Joe Eckardt, dono da Unbreakable Post, alega que foi negado pelo menos US $ 1 milhão em trabalho desde que se recusou a participar do esquema em 2023.

Eckardt trabalhou em “Temptation Island”, “Selling Sunset” e muitos outros reality shows. De acordo com sua queixa, ele almoçou em julho de 2023 com Frank Salinas, chefe de pós-produção na divisão sem script da Amazon Studios, que ofereceu torná-lo um dos “fornecedores aprovados” da empresa que estaria elegível para concorrer a projetos.

A ação alega que Salinas ofereceu contar a Eckardt o orçamento do estúdio para pós-produção, permitindo-lhe enviar uma proposta que seria logo abaixo desse valor, efetivamente garantindo que ele seria premiado com o contrato. Eckardt teria então que direcionar uma porcentagem para a All Star Media, Inc., uma empresa registrada no nome de Salinas, a ação alega.

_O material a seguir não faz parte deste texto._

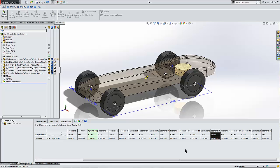So again, what we've shown here is how I can use a design study to perform what would otherwise be a remedial or maybe even cumbersome task of just changing a mate over and over again.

“Meu cliente não se sentiu confortável com isso de jeito nenhum”, disse James Bryant, advogado de Eckardt. “No final, isso nunca avançou. O que aconteceu depois disso foi que Frank o boicotou de qualquer projeto na Amazon Studios”.

Salinas não respondeu a uma mensagem de correio de voz, e a Amazon Studios não respondeu a pedidos de comentários.

A ação, apresentada em 6 de maio, alega que Eckardt foi recomendado para trabalhar na 3ª temporada de “Coach Prime”, um programa da Amazon Studios estrelado por Deion Sanders. No entanto, ele foi rejeitado – ele afirma, devido à intervenção de Salinas.

Também foi negado trabalho em “Good Sports”, um show da Amazon co-apresentado por Kevin Hart e Kenan Thompson, a ação alega, juntamente com trabalho em “Temptation Island” e “LOL US”.

Eckardt reclamou anonimamente à Amazon em junho de 2025, quase dois anos após a reunião para o almoço, alegando que Salinas tinha retaliado contra ele por se recusar a pagar propinas. Mais tarde, ele revelou sua identidade e mais detalhes – incluindo documentação – a um advogado de ética da Amazon, a ação alega.

Em dezembro, a empresa informou que sua investigação havia concluído que suas alegações “não eram substanciadas”.

A ação judicial alega conspiração, supervisão negligente e interferência com vantagem econômica.